Quel a été l’élément déclencheur pendant ce mouvement des gilets jaunes ? La chose que vous vous êtes dit quand vous vous êtes lancé mi-décembre sur les routes ?

Le 17 novembre, je vis un moment que je juge historique puisque c’est quelque chose que j’attends depuis 20 ans. Ça fait 20 ans que je rencontre les gens  chez eux, qu’ils me parlent de leur frigo trop vide, des marques qu’ils ne peuvent pas payer à leurs enfants pour ne pas qu’on se fiche d’eux au collège, des vacances qu’ils ne prennent pas… Mais les gens le font avec honte. On ne peut pas mettre leurs noms de famille, on ne peut pas les prendre en photo, encore moins arriver avec une caméra… Et là, le 17 novembre, c’est le moment où la honte privée devient colère publique. C’est le moment où les isolés, les intérimaires, les auxiliaires de vie sociale, les personnes handicapées, les auto-entrepreneurs… font du collectif sur les ronds-points. C’est le moment où les invisibles deviennent les plus visibles avec leurs gilets jaunes fluorescents, c’est le moment où les muets deviennent bavards, c’est le moment surtout où je me suis demandé « mais quand est-ce qu’ils vont se réveiller ? ». Le moment où les gens les plus résignés se mettent à être traversés par une espérance.
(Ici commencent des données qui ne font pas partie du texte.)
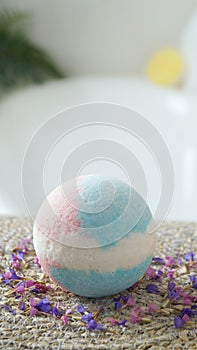 Beautiful bath bomb on wicker mat indoors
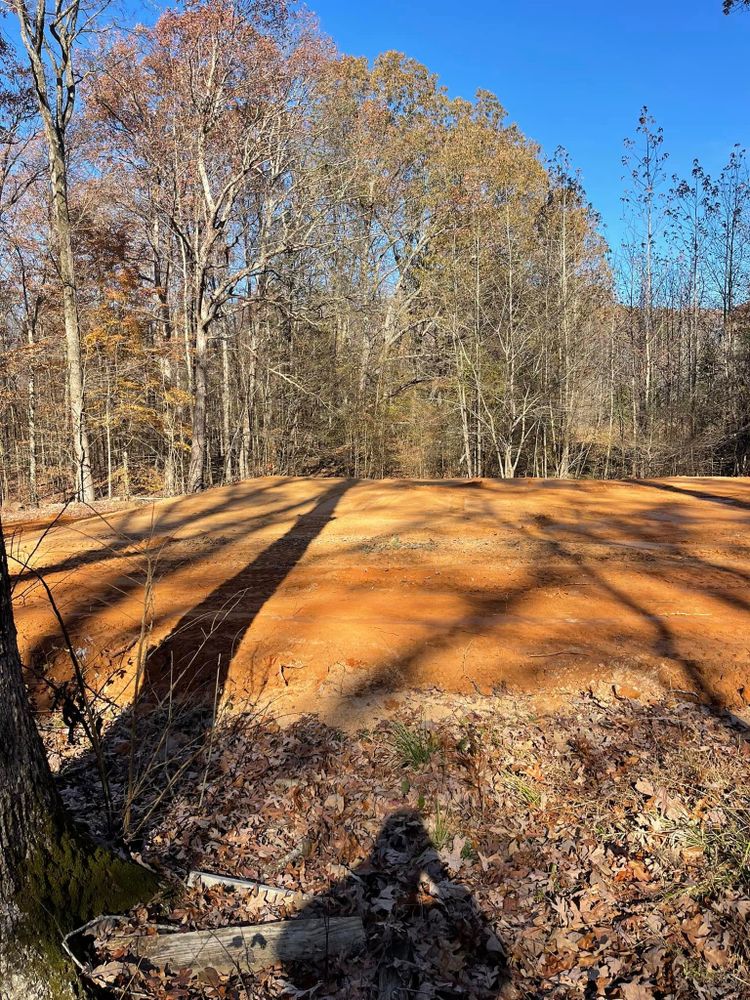 Transform your landscape with our expert land grading services, ensuring proper drainage, improved stability, and a solid foundation for future construction projects. Achieve the perfect setting for your home needs. for Maness Trucking & Excavation in Lexington, TN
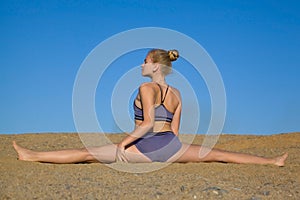 Girl sitting in twine outdoors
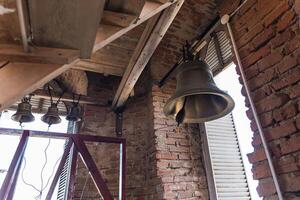 Large metal bell hanging inside a structure with brick walls and wooden beams. The architecture has a rustic feel, reminiscent of traditional or historical buildings. photo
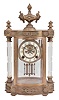 Reproduction Ansonia Clock Co., "Jupiter" crystal regulator, 8 day, time and strike, spring driven movement with visible Brocot escapement in a glazed brass case flanked by cut glass columns, two-piece white porcelain dial with blued steel hands, all surmounted by an urn finial.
Et donc, ce moment que j’attends depuis 20 ans, je veux en faire quelque chose. Je pense que je suis inspiré par ce moment, comme un artiste peut l’être par une femme ou par un paysage. Et je me dis « j’vais en faire un livre ». On se réunit donc avec mon équipe au self (de l’assemblée, ndlr), pour voir un peu le parcours que je pourrais suivre dans ma traversée de la France. J’ai fait le tour des ronds-points de ma circonscription d’abord, une manif’ à Paris avec les gens de mon coin, et là il s’agissait de prendre le vent du large, d’aller voir ailleurs. Et je croise Gilles Perret, que je connais depuis 15 ans, dans les couloirs de l’Assemblée. Il vient pour un autre film, sur EDF. On mange au self ensemble, il  voit sur quoi on planche, le parcours… Il me dit « je te suis avec une caméra ! ». Je refuse. Marre des caméras, je suis suivi par les caméras tout le temps non merci quoi ! Puis 5 minutes après je l’ai rappelé. Ça c’était le mercredi, le dimanche matin on est parti et on a tourné pendant 6 jours.
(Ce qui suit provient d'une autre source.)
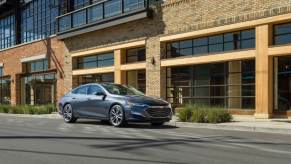 A gray Chevrolet Malibu parked alongside a large building.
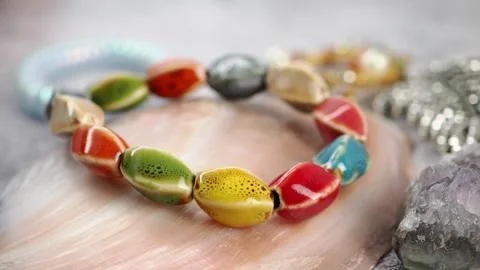 Colorful beads on a table with shells and stones Stock Footage 336984362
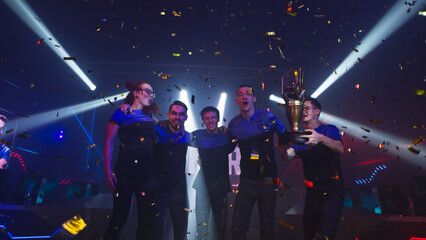 Fototapeta na wymiar Professional cybersport team of gamers winners with golden trophy hugging and jumping amidst confetti and pyrotechnics while celebrating victory in esports competition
En un sens, chaque rond-point est une surprise. C’est comme un enfant qui ouvre un paquet cadeau et qui ne sait pas ce qu’il va trouver à l’intérieur. Un coup c’est un diable qui va sortir, un coup des boules puantes, un chewing-gum salé… En même temps, j’avais déjà fait un repérage dans mon coin, pris la température de ce qu’était ce mouvement. Donc je savais que ce que je voulais ramener, c’était des tranches d’humanité.

Au début du film vous dites qu’un des éléments déclencheurs, ça a aussi été sur votre page Facebook quand vous voyez les syndicalistes traditionnels dire « j’y vais pas c’est un mouvement de fachos ». Et vous allez à la rencontre de ces gilets jaunes.
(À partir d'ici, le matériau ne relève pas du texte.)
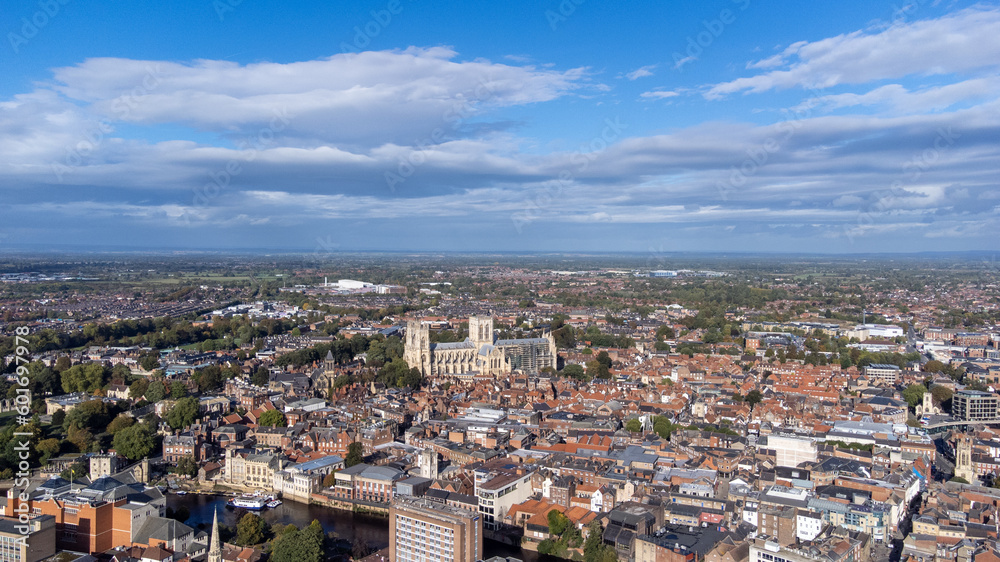 Aerial photo of the town of York located in North East England and founded by the ancient Romans, showing the York Minster Historical Cathedral in the main town centre along the river side.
Je suis reporter, donc je vais voir d’abord. Si les gens ont des discours sur « les immigrés, les réfugiés, les noirs, les arabes » … Tant pis j’en suis pas. Et là le 17 novembre, ce n’était pas une revendication sur le gasoil, mais sociale. C’est sur l’allocation adulte handicapé, sur les contrats aidés, sur le SMIC, sur les petites retraites… c’était ça ! Du social. Si t’es pas là dans ces moments là, bah tu restes chez toi et tu fais rien. Le snobisme de gauche.

C’est-à-dire ?

« On est les purs, on est les meilleurs sur notre Mont Aventin. On regarde le reste de l’humanité, en sachant que nous avons raison ». Quand j’ai fait « Merci Patron », j’étais regardé de travers par « les vrais ». Et au final ils ont remarqué que ça prenait, que les gens aimaient ça. Comme les gens aiment ça ils ont suivi. Et c’était pareil sur le mouvement des gilets jaunes : ils ont regardé de travers, « c’est pas beau, c’est impur ». Et c’est vrai que c’est impur, et j’aime bien ça. Parce que j’aime bien le bordel. Quand on me promet que c’est impur j’y vais !

« C’était pas « pour qui t’as voté?» mais «qu’est-ce qu’on va faire ensemble?». Et ça permet de rassembler, il n’y a pas d’étiquette »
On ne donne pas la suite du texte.